11. Smooth the fabric with your hands – pressing out to all sides. Start on one side of the ottoman and using a staple gun and pulling fabric taut. Apply one staple on the underside of the wood table top. Repeat this directly across from this staple and then one on the other two sides – like north, south, east, and west.
12. Then add one staple to each corner, making sure to pull the fabric taut before stapling. You may have to staple the fabric to the base on the corners depending on how much the table top overhangs in each corner. Step back to see if fabric is straight on the top. If it is then proceed to staple the rest of the fabric to the underside of top. I found if I started from the center of each side and worked to the right corner , then the left I got a much smoother look. The corners are where you will have to hand pleat the fabric and then staple. Remember to pull the fabric tight, before you place a staple. Keep looking at the top to make sure the foam edge is even – you want to keep the tautness of the fabric the same all around. Use point nose pliers to remove a staple if you have to re-do an area.
13. I also found once I got the fabric pretty much on, I flipped the ottoman and put one foot into the ottoman to compress the foam a bit, so I could gather more fabric to staple on the underside to get a more taut and even look.
14. Lots of stapling – just keep pulling fabric and stapling until you are happy with how the side of the top looks.
15. This is what it will look like. You can trim the fabric underneath, but I left it to help fan out the pleated skirt.
This is the no-sew part. If you are a sewer you just need to make a hem on the top and bottom of the skirt piece which is 5 yards long.
1. Measure the height of your ottoman using a yardstick from the floor to the top edge of the table top. Angle the yardstick out to resemble how the pleats will fan out. Add 2-inches to this measurement. My measurement was 15 –inches. (Since I used the reverse side of my fabric – I used the finished selvage edge and didn’t need to make a hem on this side. I used a T-square yardstick to measure 15-inches and marked it with a pencil. I did this along the 5 yards of fabric and then connected all my marks and drew a pencil line.
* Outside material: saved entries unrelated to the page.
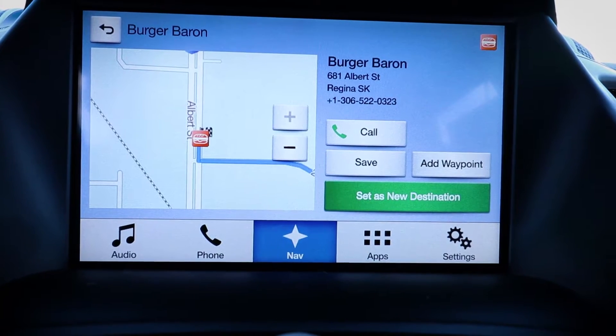When ready, press the voice button and then say set as destination or dial the number. Set as destination. Setting new destination. And just like that, I got my directions to Burger Baron.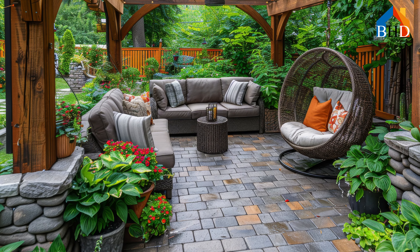So embrace this exciting journey, and get ready to experience the magic of your very own slice of paradise, right in your backyard.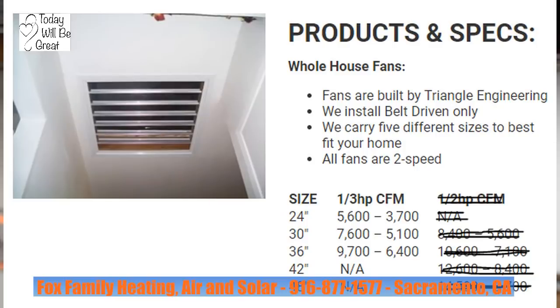Quiet Cool fans are sized at 1.5 for 1,500 CFMs, 2.5 for 2,500 CFMs, 3.3, 4.8, 5.5, 6.0, and 7.0 models — so 7,000 CFMs is the max you can get from a Quiet Cool fan. Triangle fans are sized in 24-inch, 30-inch, or 36-inch. The most common 30-inch fan moves over 7,000 CFMs of air, and the 36-inch fan moves over 9,700 CFMs of air — that's almost 3,000 CFMs more than Quiet Cool's biggest fan, which is pretty impressive.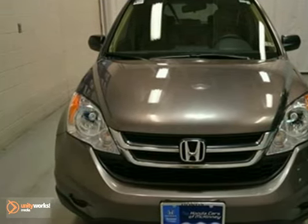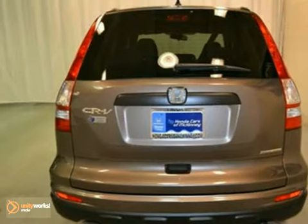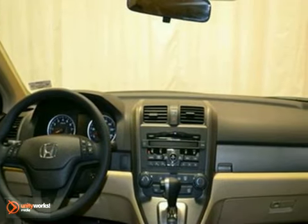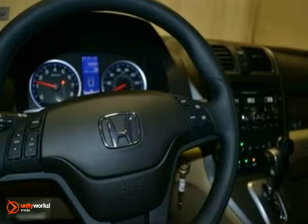This 2011 Honda CR-V SE is equipped with a 5-speed automatic transmission and it comes in an urban, titanium, metallic exterior with an ivory cloth interior and it's offered with a full factory warranty. Plus, you'll get dynamic stability control, CD player, and steering wheel controls.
2. Cut fabric on line with scissors. I love my electric scissors – they make cutting FAST.
3. To make a no-sew hem:
1. Fold over raw edge 1/2 – inch and press.
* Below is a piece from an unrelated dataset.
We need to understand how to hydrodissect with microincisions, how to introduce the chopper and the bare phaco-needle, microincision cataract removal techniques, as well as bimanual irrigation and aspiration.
2. Fold over again 1/2 –inch and press.
3. Place HeatnBond paper side up under second fold.
4. Using a hot iron – press over the paper. Let cool.
5. Once cooled remove paper from adhesive.
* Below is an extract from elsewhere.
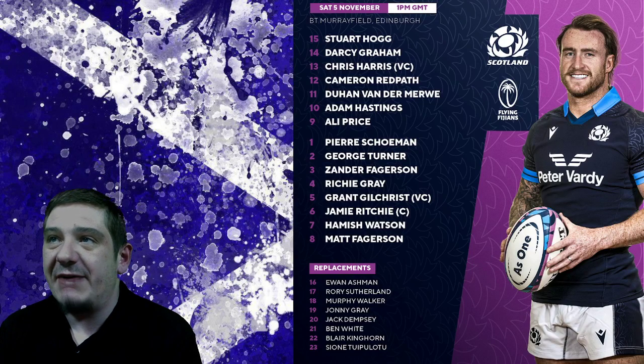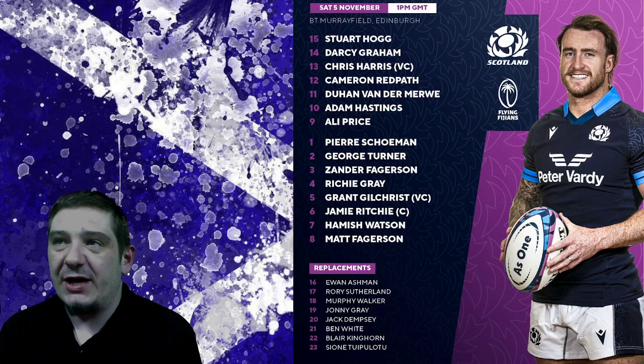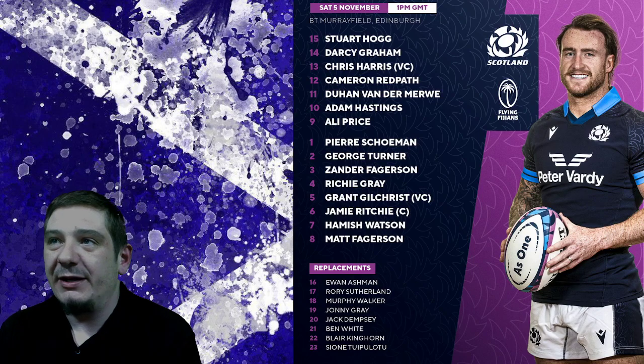The midfield combination of Chris Harris and Cameron Redpath will be quite an interesting one, with Cameron Redpath being one of their key players a couple of seasons ago before he got injured. So looking forward to seeing what he can do. Then Adam Hastings and Ali Price is the halfback combination, with Blair Kinghorn now demoted to the bench after missing that vital kick. He actually had a really good game, but let's see what Adam Hastings can do. Ali Price — quality scrumhalf all around.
6. Fold edge over and press again until fabric is bonded. Let cool.
7. You have a finished edge.
4. The skirt fabric needs to be stiff so the pleats keep their shape and fan out. The skirt would end up looking droopy without the stiffness. You don’t want wimpy. Piece the iron on craft interfacing to the back side of the fabric – don’t have to cover the hems. The shiny side of the interfacing goes down and you use a steam iron to adhere.
1. I created 2- 3/4” box pleats and used one of those little sewing gauges to make sure I kept the size of each pleat the same. I placed my ironing board in my family room, put a movie on the TV and started pleated. It took me about 2 hours. It is not hard – just a bit time consuming. You can see at the bottom of the pleat how the fabric looks underneath.
2. As I made each pleat I pinned it in place. Each side of the underside of the pleat is 1-1/4-inches. I measured and then pinned and then formed the pleat with my hand and then pressed with a hot iron.
3. This is how it will start to look. Make sure to keep about 3 inches of unpleated fabric at the start and then again at the end so you have some extra fabric to match the ends up when you tack it onto the edge of the ottoman.
4. It will end up looking like this. See how the interfacing makes the fabric stand up on its own. Using decorative tacks and a hammer, attach skirt to the edge of the table top. Feel with your finger where the top of the edge is and line up the top edge of the skirt. This will help you keep the skirt and the tack placement straight.
My no sew ottoman came out even better than I envisioned. The no-sew way means lots of ironing board time, but it was worth it – I love my new ottoman.